Not me. I pulled for Todd Bozeman and I’m glad I did. I know him now, having interviewed him a bunch of times, and I’m as impressed with him OFF the court as I am with him ON the court.
But back to the likes of Vick and the others who are experiencing, in different ways, their own personal downfall.
I’m tired of reading, watching and hearing people wish ill will on those four. And while I think it’s always fair to chronicle what they’ve done, why they’ve done it and what the proper punishment might be if, in fact, they face some sort of criminal charge and/or punitive action from their league or team, I think I’m officially done HOPING that someone fails.
Actually, it’s not “I think I’m officially done” — make that, “I’m officially done” hoping someone fails.
And I don’t care if the person plays for the Yankees, the Steelers, the Redskins, the Flyers, Duke or any other “rival” of the teams we all love to root against. I might want them to lose ON THE FIELD, but I don’t want anyone to fail personally — as a father, a husband, a son, a daughter, etc. I hope the Ravens beat the Steelers 27-0 and 27-0 next year. But I also hope Ben Roethlisberger can remedy his apparent drinking problem.
As I read the newspaper, magazines and editorial content on the internet, all I’m seeing these days are folks reveling in someone’s misfortune.
Here in Baltimore, for example, a huge majority of folks think it’s FUNNY that Ben Roethlisberger has experienced this downfall with the 20-year old female in Georgia. A group of nearly 200 protesters stood outside of Martin’s West on Monday night with signs criticizing Michael Vick’s appearance at the Ed Block Courage Award dinner.
I don’t think Ben Roethlisberger’s story is funny. You might. A lot of people do, evidently. It’s not funny…it’s sad. It’s sad that alcohol has apparently taken control of this young man’s life in certain situations. It’s sad that some young lady had to drop out of college in Georgia because of the harrassment and humiliation she was enduring once word leaked out she was the girl in question with Roethlisberger.
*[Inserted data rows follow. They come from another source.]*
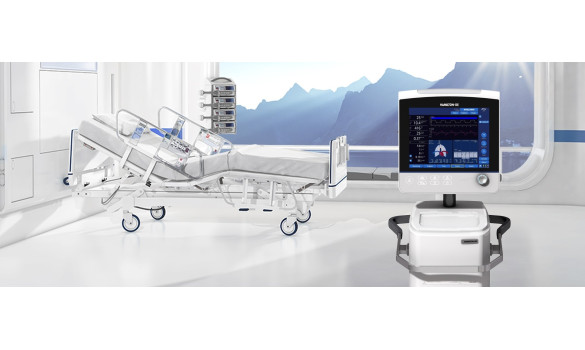 Umidificador Respiratório aquecido de Alto Fluxo e Ventilador Pulmonar CPAP , BIPAP
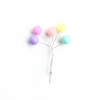 Cake accessories Birthday cake decoration beautiful color pearl ball cake plug -in baking decorative accessories decoration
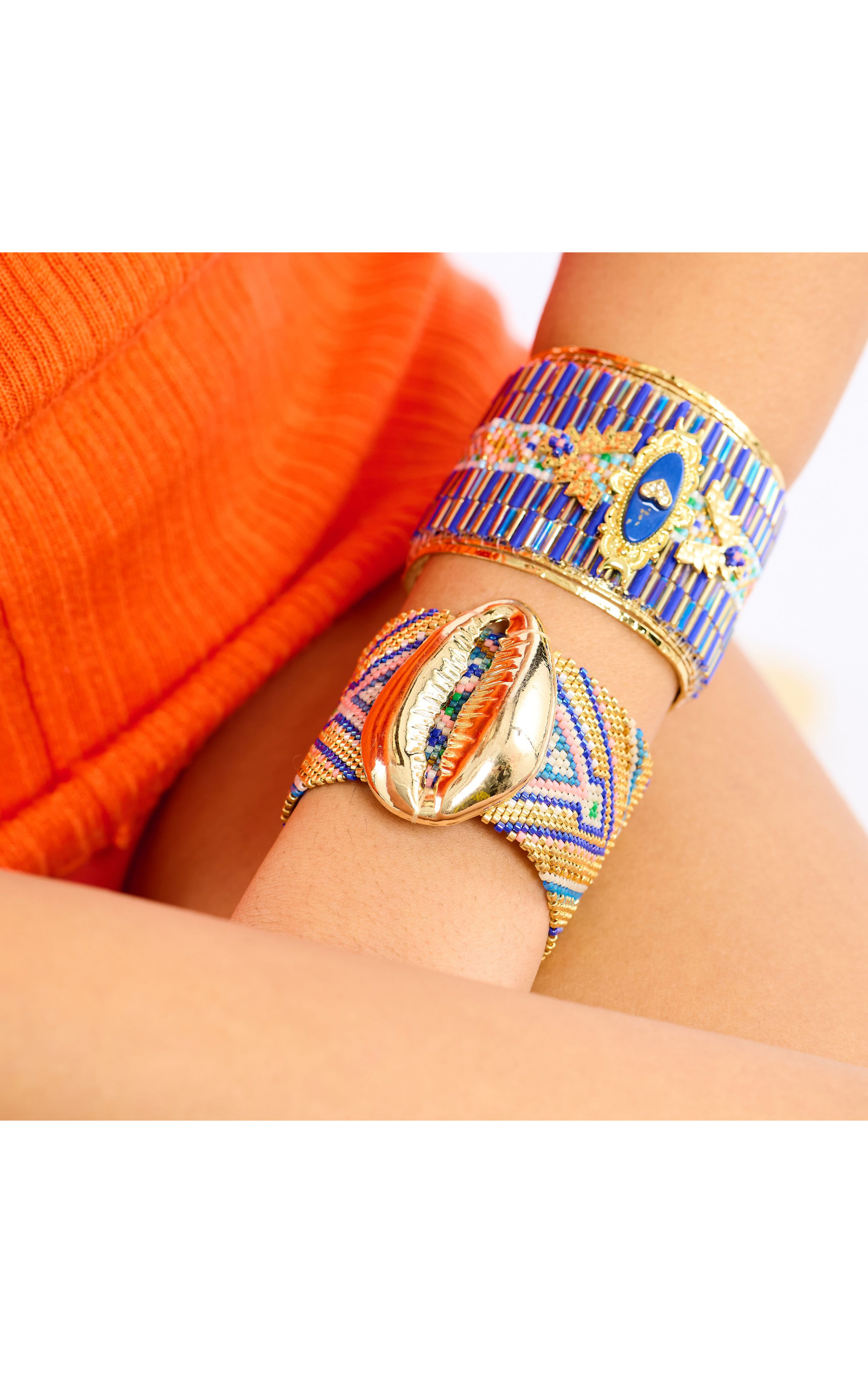 Manchette Apashe Doré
There’s nothing funny about the story. Nothing at all. If law enforcement officials deem that Roethlisberger’s behavior violated the law, he’ll have to face his day in court and what will be, will be. But I don’t wish ill will on him. I hope he gets his life straightened out and makes it a point to discuss the (negative) impact that consuming too much alcohol had on his life.
I hope Michael Vick is successful too. As I mentioned on Monday when discussing his situation, how much lower does a man have to go before people will say, “OK, you’ve had enough misery heaped on you”? While he continues to move on with the “next chapter” of his life, I can honestly say I think Michael Vick, somehow, will have his shining moment at some point in the near future.
Donte’ Stallworth is in the beginning stages of rebuilding his life. Who knows what lies ahead for him? This time next year, he could be the Ravens’ Ed Block award winner for all we know. I hope Donte’ Stallworth finds peace. What he does on the football field is neither here nor there at this point. His story and message about the perils of drinking and driving is now far more important than any pass he might catch in Baltimore or anywhere else for that matter. I have taken a hard stance against folks who drink and drive. My wife and I were hit by a drunk driver on November 12, 2006. But I know Donte’ Stallworth would do anything to change that morning in Miami when he made the mistake of putting his car in drive after having too much to drink. And he’s going to pay for that mistake forever. I wish him nothing but success from here on in.
As for Tiger, no matter how many Saturday Night Live spoofs are aired, there’s nothing funny about what’s happened to him and his family over the last three months. It’s sad. In fact, it’s one of the saddest stories in sports of the last decade. Role model athlete turned character-flawed scallywag. I hope he and his wife find happiness and I hope his children grow up in a loving home. What happens to him in golf is neither here nor there. He’ll get whatever the game gives him, I suppose. In life, though, I’m pulling for Tiger. I hope he and his family wind up happy.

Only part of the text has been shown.